▶ Description of the task:
What follows is a set of entries. Repeat them exactly, but not their pictures.

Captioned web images
************

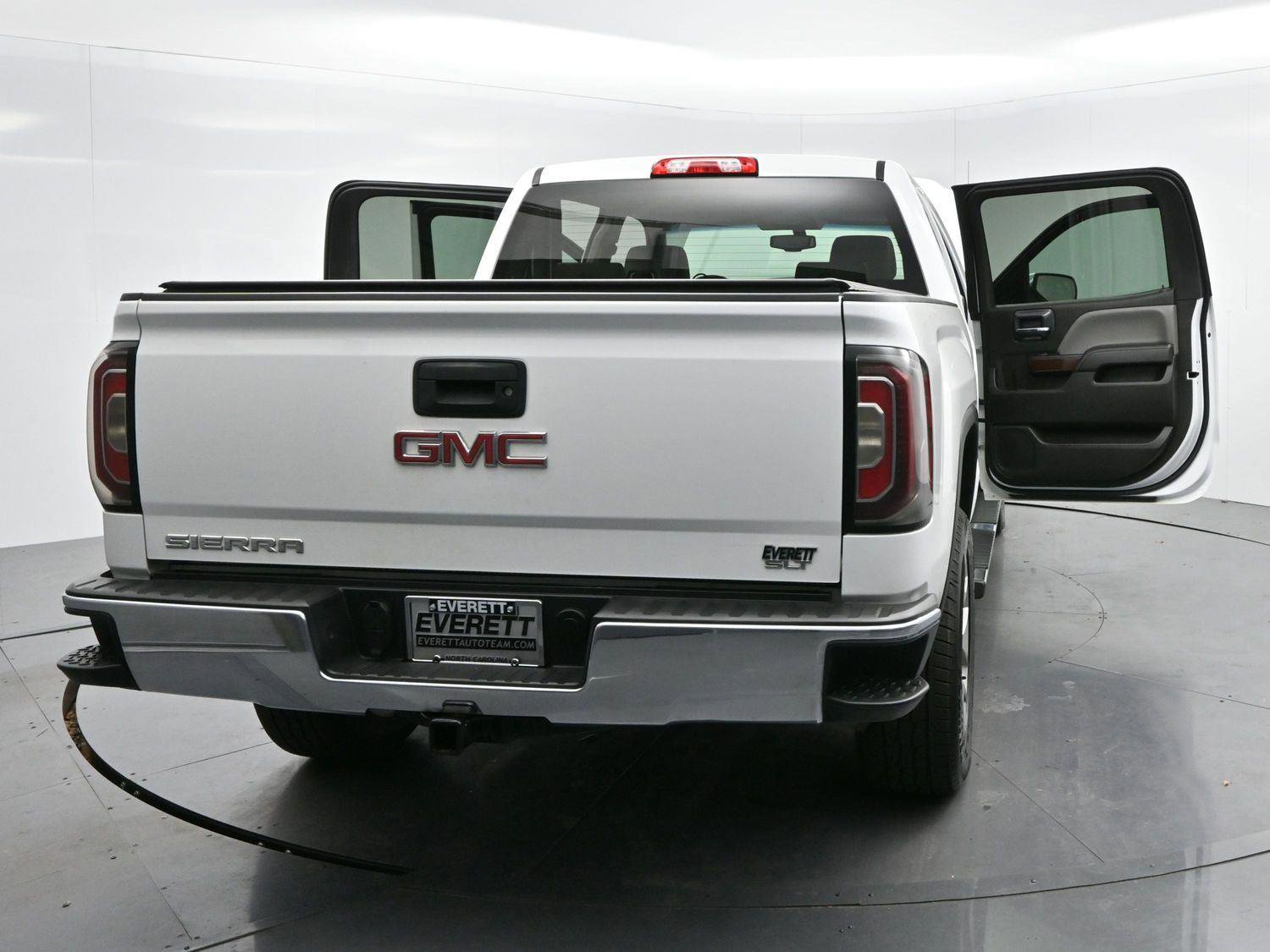 Used 2018 GMC Sierra 1500 SLT w/ SLT Premium Package image 40
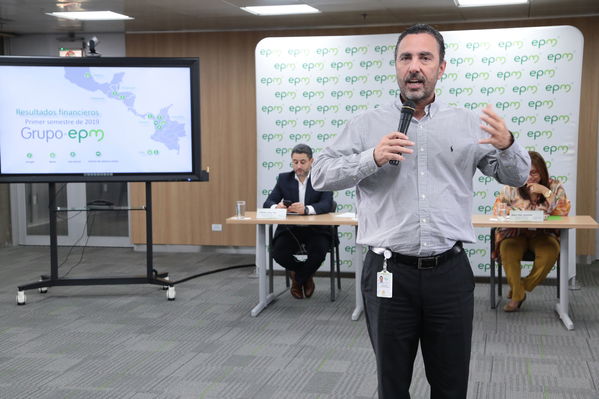 Rueda de prensa – Resultados financieros primer semestre 2019
Rueda de prensa – Resultados financieros primer semestre 2019
Fecha: Agosto 14 de 2019. 
Para descargar esta fotografía en alta resolución, haga clic sobre la imagen hasta que la misma se despliegue en la pantalla completa; luego dé clic derecho y elija la opción "guardar imagen como". 
En caso de publicación por cualquier medio, solicitamos acompañarla del crédito: "Foto EPM"
Palabras clave: Rueda de prensa – Resultados financieros primer semestre 2019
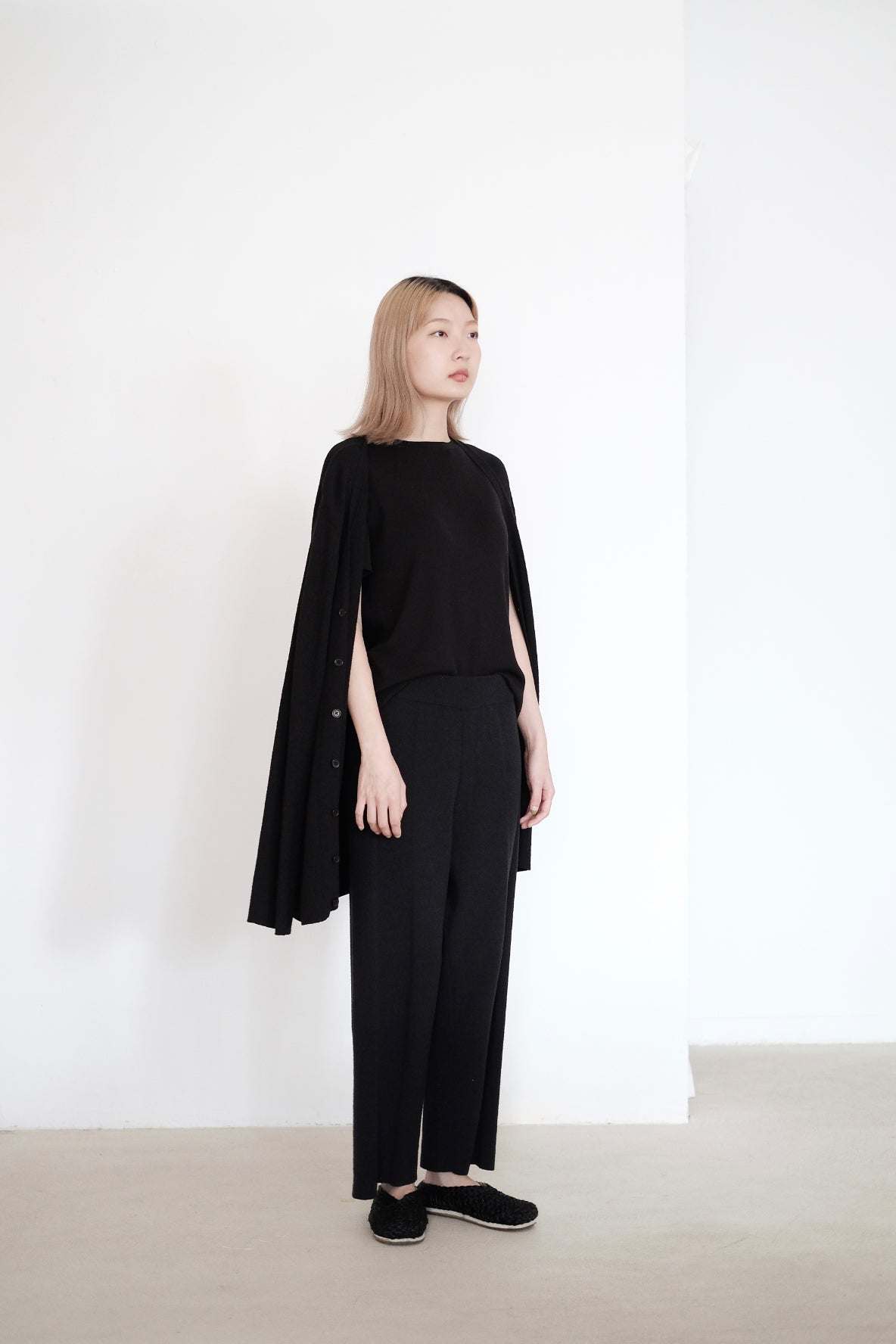 LACADIA KNIT TEE (BLACK) | 黑色輕盈針織TEE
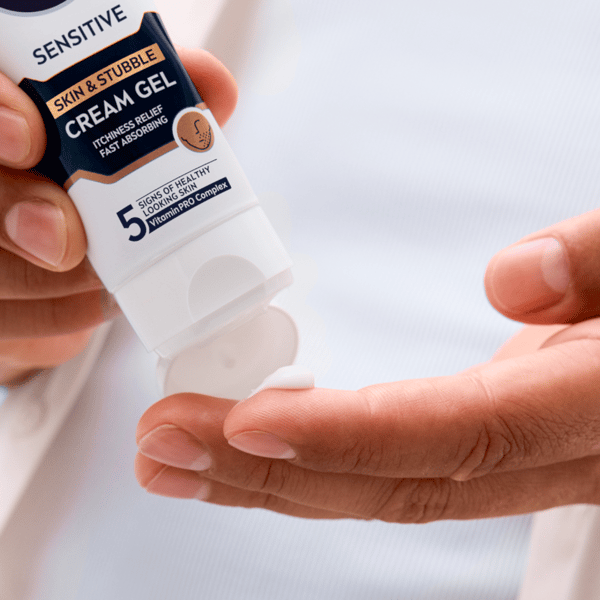 NIVEA MEN Sensitive kasvojen ja 3 päivän parran voidepuhdistaja 50 ml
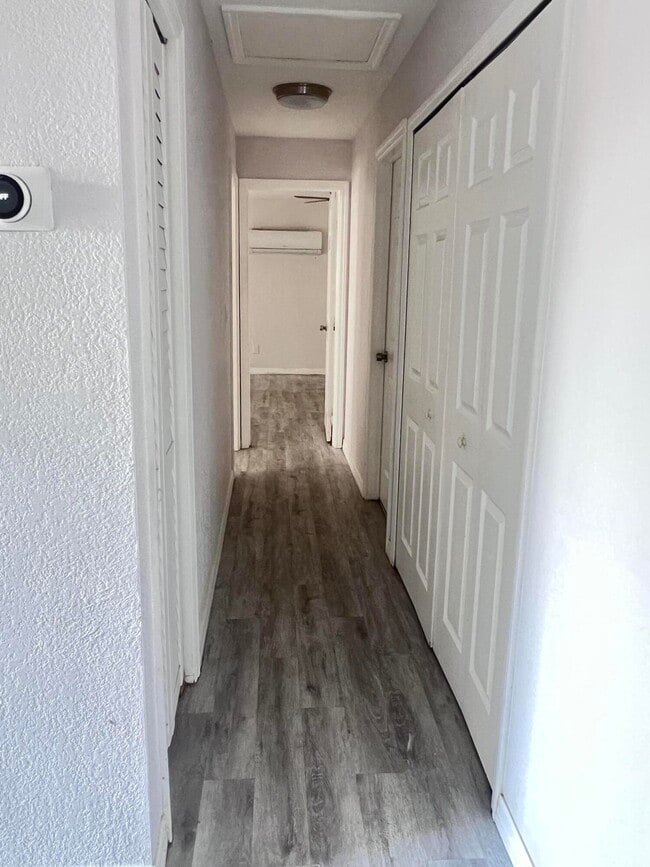 Building Photo - 5706 Candlewood St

************

▶ Answer to this problem:
 Used 2018 GMC Sierra 1500 SLT w/ SLT Premium Package image 40
 Rueda de prensa – Resultados financieros primer semestre 2019
Rueda de prensa – Resultados financieros primer semestre 2019
Fecha: Agosto 14 de 2019. 
Para descargar esta fotografía en alta resolución, haga clic sobre la imagen hasta que la misma se despliegue en la pantalla completa; luego dé clic derecho y elija la opción "guardar imagen como". 
En caso de publicación por cualquier medio, solicitamos acompañarla del crédito: "Foto EPM"
Palabras clave: Rueda de prensa – Resultados financieros primer semestre 2019
 LACADIA KNIT TEE (BLACK) | 黑色輕盈針織TEE
 NIVEA MEN Sensitive kasvojen ja 3 päivän parran voidepuhdistaja 50 ml
 Building Photo - 5706 Candlewood St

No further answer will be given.